## TASK MATERIAL

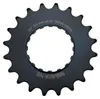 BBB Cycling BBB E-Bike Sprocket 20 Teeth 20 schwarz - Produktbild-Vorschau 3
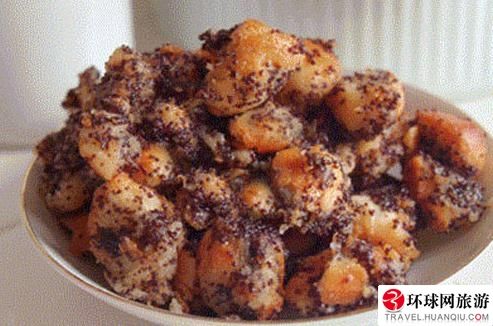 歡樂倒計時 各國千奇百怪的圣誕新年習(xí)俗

...

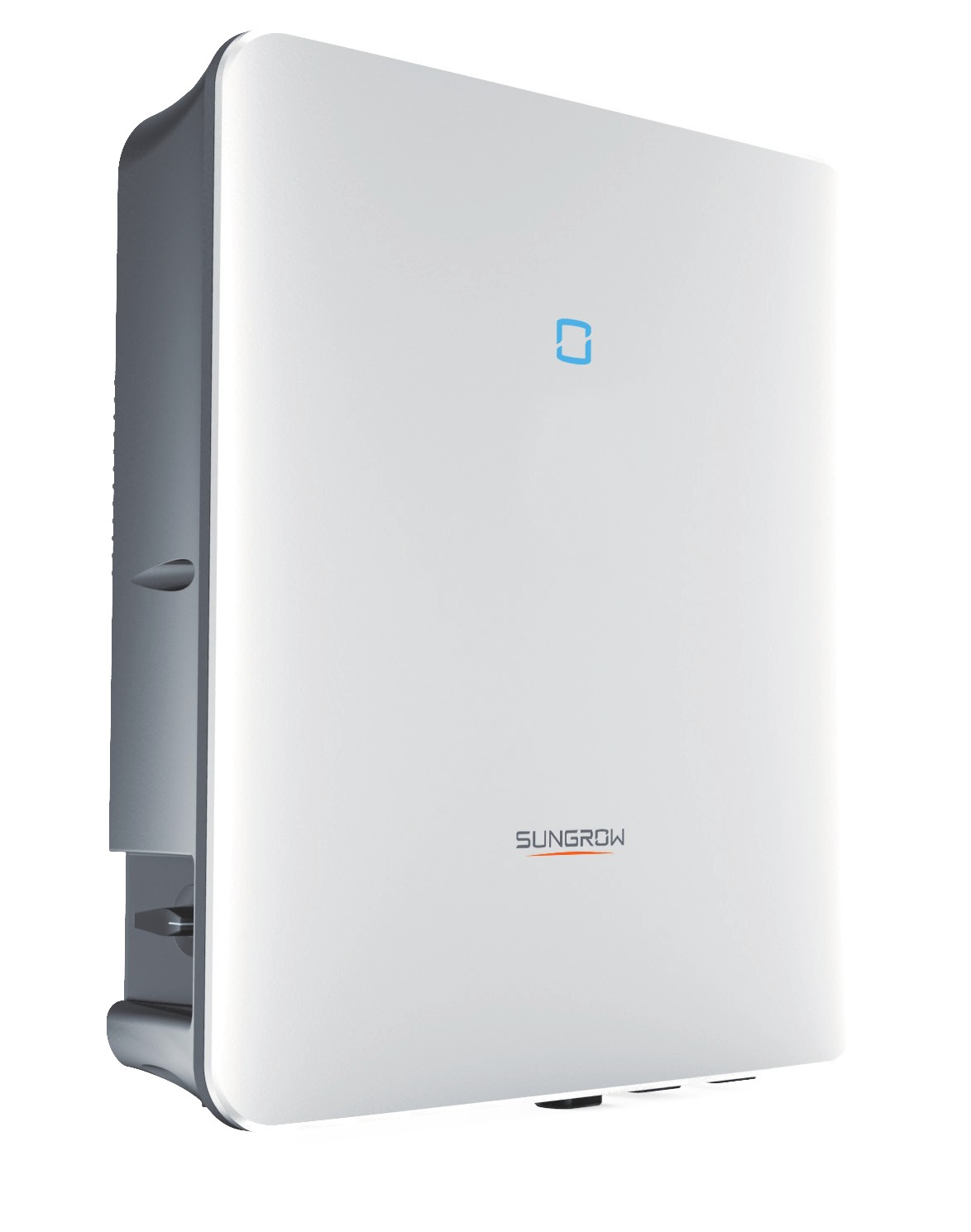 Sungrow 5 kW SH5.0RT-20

## TASK ITEM
In the data above, retype only the stretch from the line with "BBB Cycling BBB" through the line with "歡樂倒計時 各國千奇百怪的圣誕新年習(xí)俗", word for word, and skip any pictures.

## SOLUTION BELOW
 BBB Cycling BBB E-Bike Sprocket 20 Teeth 20 schwarz - Produktbild-Vorschau 3
 歡樂倒計時 各國千奇百怪的圣誕新年習(xí)俗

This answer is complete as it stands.